March 03, 2009

Obama Administration Files Brief in New Haven Fire Fighter's Case

Roger Clegg has the analysis at Bench Memos.
The Obama administration’s brief (with lawyers on it not only from the Justice Department but also from the Labor Department and Equal Employment Opportunity Commission) argues that the City should be permitted to throw out the results of the test so long as it was motivated by a “reasonable” belief that using the results “may” have subjected it to liability under Section 703(k) of Title VII of the 1964 Civil Rights Act. Section 703(k) makes it illegal for employers to use selection devices that have a “disparate impact” on racial groups unless those test are “job related for the position in question and consistent with business necessity.” So long as an employer has this belief, says the brief, there is no violation of Title VII or the Constitution. But, concludes the brief, it’s not clear that the lower courts looked carefully enough into whether this belief was reasonable, nor indeed whether this was the real reason for the city’s action at all, and so it asks the Court to reverse the decision and remand for further proceedings.

While it could have been worse, there are three problems with the administration’s brief. The first is that it does not acknowledge that this is most charitably what is called a “mixed motives” case and that, if it is, the city is going to be liable to at least some degree. There is very strong evidence that the city was motivated in part, if not entirely, by political rather than legal reasons.
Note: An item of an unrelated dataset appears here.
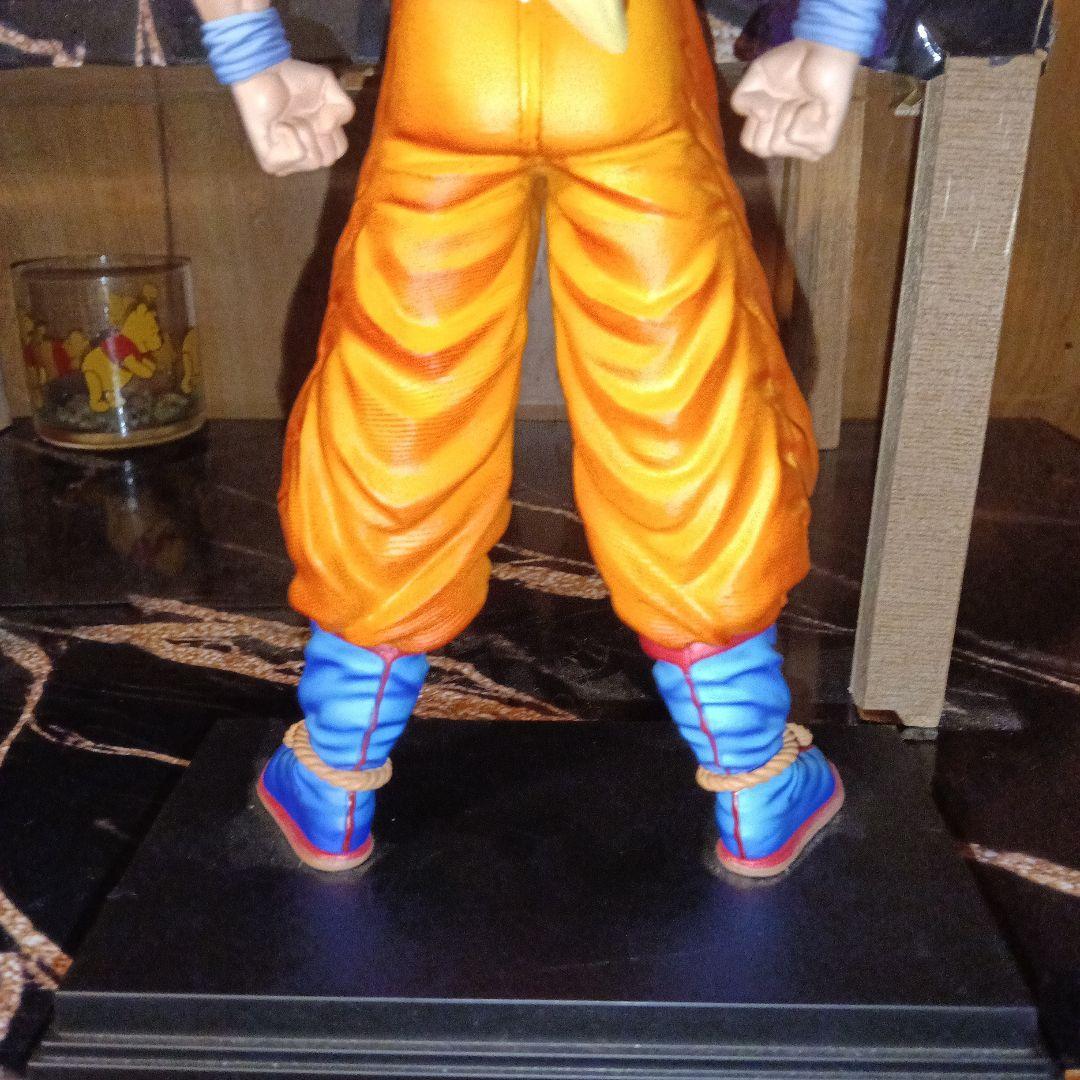 海外限定品　JT　スタチュー　GK　ドラゴンボール　スーパーサイヤ人3　孫悟空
Under Section 703(m) of Title VII, that’s enough to establish liability.

Second, mere “reasonable” belief that not throwing out the test results “may” result in Title VII liability is just not a tough enough standard for what is clearly the city’s disparate treatment of individuals based on their skin color. The central focus of Title VII is on preventing employers from making employment decisions with an eye on favoring some and disfavoring others based on race (and sex, religion, and national origin). Clearly this is what happened here. For that to be excused, the city must have a belief that is not just “reasonable” that it “may” be in violation of another part of the statute; it must be able to show the court that it indeed would be liable. The test proposed by the Obama administration is too easy.

Third, the part of the brief addressing the Constitution is even worse. The administration denies that choosing selection devices with an eye on the racial bottom line even triggers “strict scrutiny” under the Equal Protection Clause. It then argues that, in any event, such discrimination would be permissible so long as the city “has a strong basis in evidence for believing that the decision is reasonably necessary to comply with Title VII.” Even if the desire to comply with a statute can trump otherwise unconstitutional behavior, surely the employer must show, again, that it would be liable under the statute, not just that it “reasonably” believed that it might be.